Data for this exercise START

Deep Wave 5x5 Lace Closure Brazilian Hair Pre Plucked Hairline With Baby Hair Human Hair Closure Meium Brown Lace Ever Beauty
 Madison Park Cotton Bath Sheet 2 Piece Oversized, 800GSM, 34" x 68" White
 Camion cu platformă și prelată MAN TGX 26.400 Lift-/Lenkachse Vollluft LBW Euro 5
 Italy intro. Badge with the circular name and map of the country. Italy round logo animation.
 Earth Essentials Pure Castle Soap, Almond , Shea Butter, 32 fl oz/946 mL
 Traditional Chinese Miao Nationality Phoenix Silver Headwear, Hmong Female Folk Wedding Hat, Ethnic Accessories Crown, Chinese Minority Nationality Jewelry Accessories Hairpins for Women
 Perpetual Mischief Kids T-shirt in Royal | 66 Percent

Data for this exercise END

* What you need to do:
Would you copy the data exactly as shown above?

* Output of the exercise:
Deep Wave 5x5 Lace Closure Brazilian Hair Pre Plucked Hairline With Baby Hair Human Hair Closure Meium Brown Lace Ever Beauty
 Madison Park Cotton Bath Sheet 2 Piece Oversized, 800GSM, 34" x 68" White
 Camion cu platformă și prelată MAN TGX 26.400 Lift-/Lenkachse Vollluft LBW Euro 5
 Italy intro. Badge with the circular name and map of the country. Italy round logo animation.
 Earth Essentials Pure Castle Soap, Almond , Shea Butter, 32 fl oz/946 mL
 Traditional Chinese Miao Nationality Phoenix Silver Headwear, Hmong Female Folk Wedding Hat, Ethnic Accessories Crown, Chinese Minority Nationality Jewelry Accessories Hairpins for Women
 Perpetual Mischief Kids T-shirt in Royal | 66 Percent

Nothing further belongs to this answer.